We hope that more people will attend the workshop next time. We are also excited to try different types of LED lights that were recommended to us by the kite experts. We are also planning on designing a more permanent installation, hopefully at XP, that will visualize the data once the workshops are over.

On your fundraising page, you also regarded FLOAT Beijing as a public art project. Why did you position FLOAT Beijing in that way? How does FLOAT Beijing show the spirit of public art?

We believe that FLOAT Beijing is a public art project as it engages and interacts with people directly. The workshops require local residents to come and work together, and the kite flying is both a night time spectacle for other residents, but is also choreographed by the workshop participants and kitefliers. We feel that the spirit of public art resides in the ability for something visual to inspire new dialogue and relationships between local residents, and that is what FLOAT Beijing seeks to do.

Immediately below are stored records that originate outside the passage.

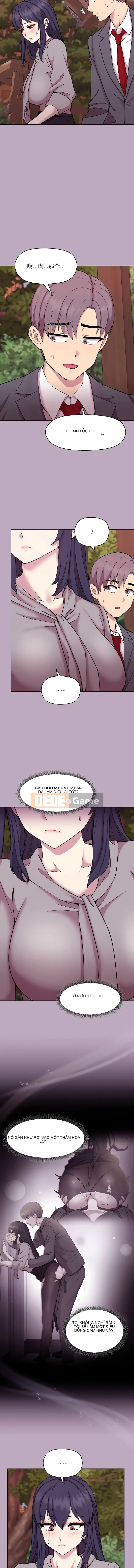 Mối quan tâm bí mật của giám đốc Iceberg Chương 24-25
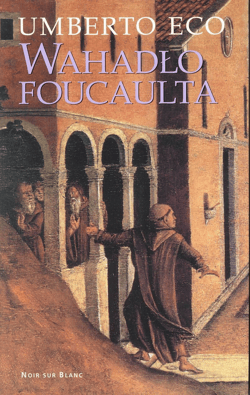Wahadło Foucaulta - ebook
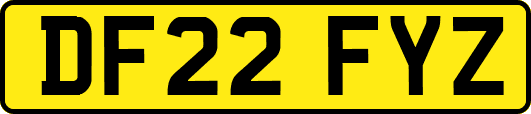 DF22FYZ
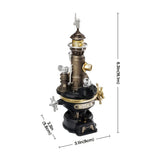 Rokr Industrial City Series - Puzzle 3D Navi Lighthouse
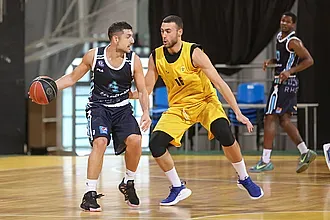 Το Σάββατο 5/3 (17:00) Κολοσσός- Άρης!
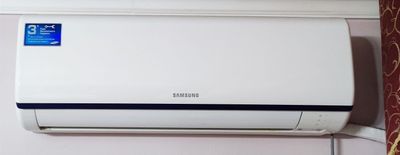 Кондиционер Samsung 12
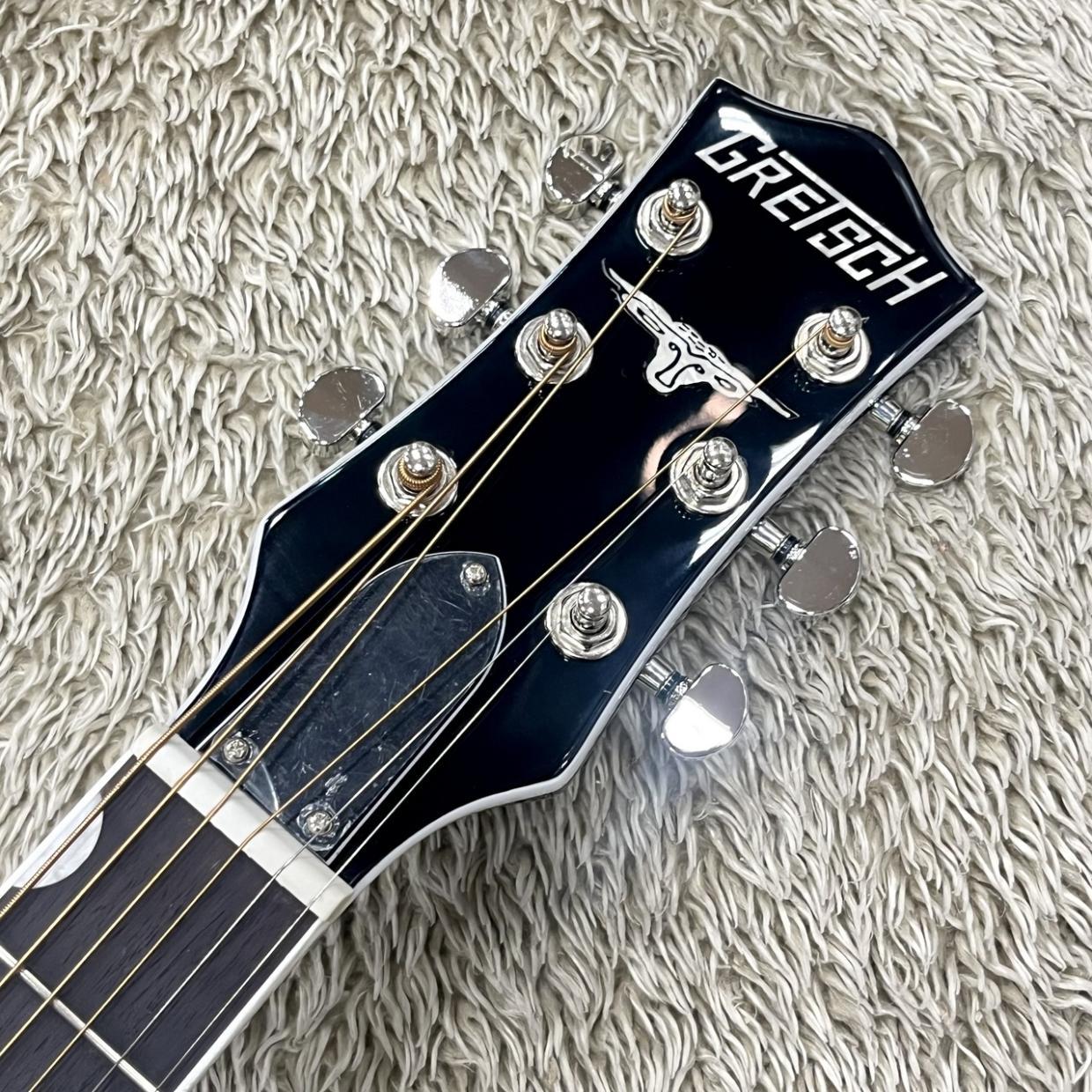 Gretsch G5013CE Rancher Jr. Cutaway Acoustic Electric Fishman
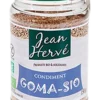 Jean Hervé Gomasio Bio (150 gr)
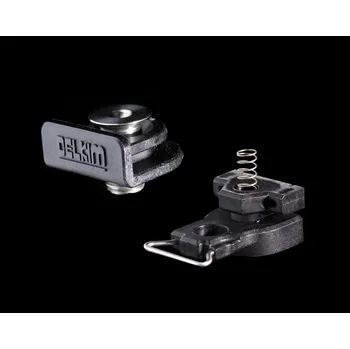 Volný čas Delkim vypínací systém D-Lok Quick Release System (TXi-Plus)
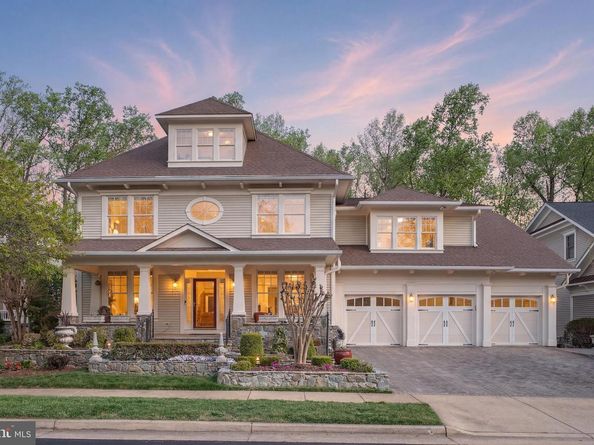 7286 Highland Estates Place, Falls Church VA 22043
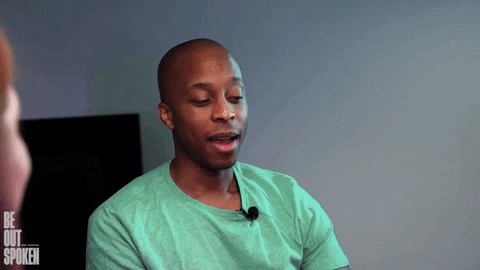 Understand Giving Up GIF by BDHCollective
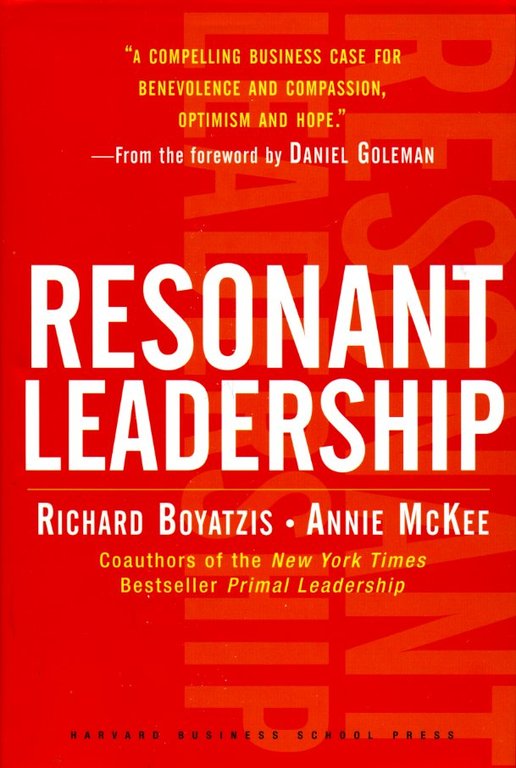 Resonant Leadership | Immagine Gallery 2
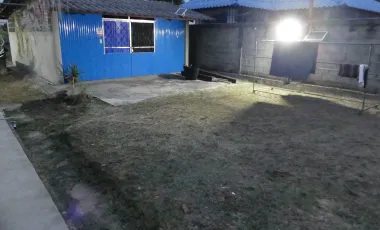 2 Bedroom House for sale in Ban Tam, Phayao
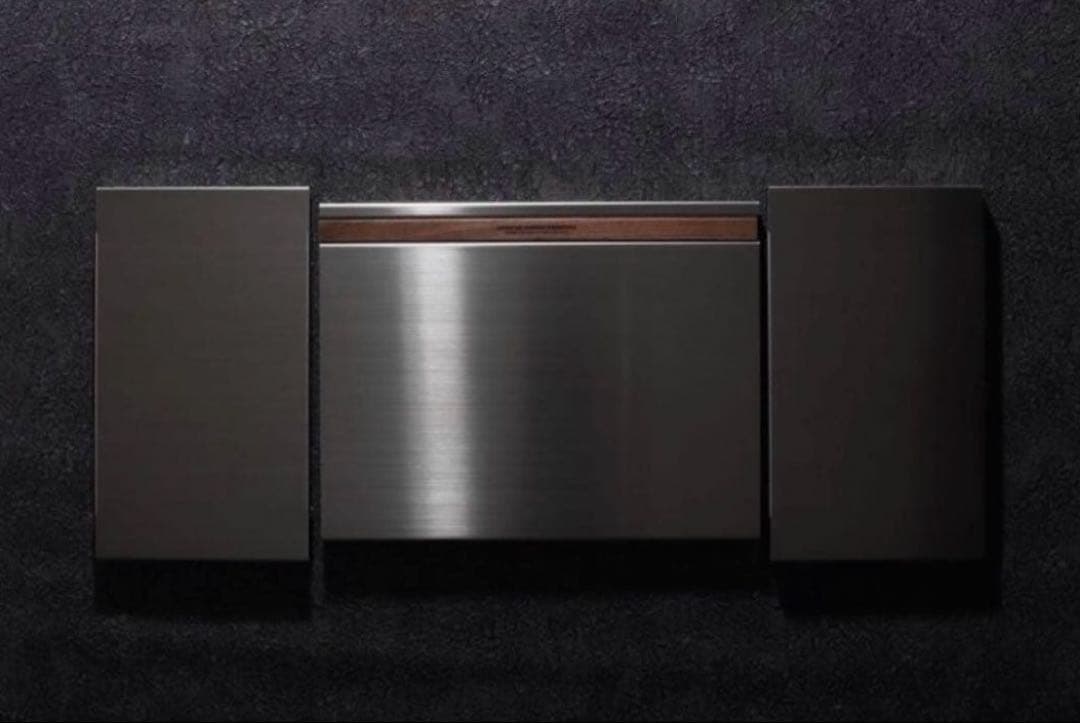 希少 Havefun garage MCRSS SYSTEM テーブル SUS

After this project, do you have any plans for other activities like FLOAT Beijing? Does the project relate to your personal career plans?

We’re going to see where the project goes, and will most likely hold workshops and kite flights in other cities as well. Xiaowei is interested in seeing the different levels of air pollution in the city as a function of urban design decisions, as sustainable urban design is one of her main interests. I am interested in exploring different venues for spreading knowledge about environmental and educational issues.

f-l-o-a-t.com. Assembling an LED sensor for one of the kites.

How did you organize FLOAT Beijing? How did you get the funding besides Kickstarter?

We received a grant from the Black Rock Arts Foundation in March which gave us the initial funding for plane tickets and a small materials budget. We also received a small grant from the Awesome Foundation Boston Chapter and the Asia Society for Josh’s documentary about the project. Once the project began to grow we decided to expand to multiple workshops and started our Kickstarter campaign to help cover additional costs. We are so grateful to have received so much support and interest!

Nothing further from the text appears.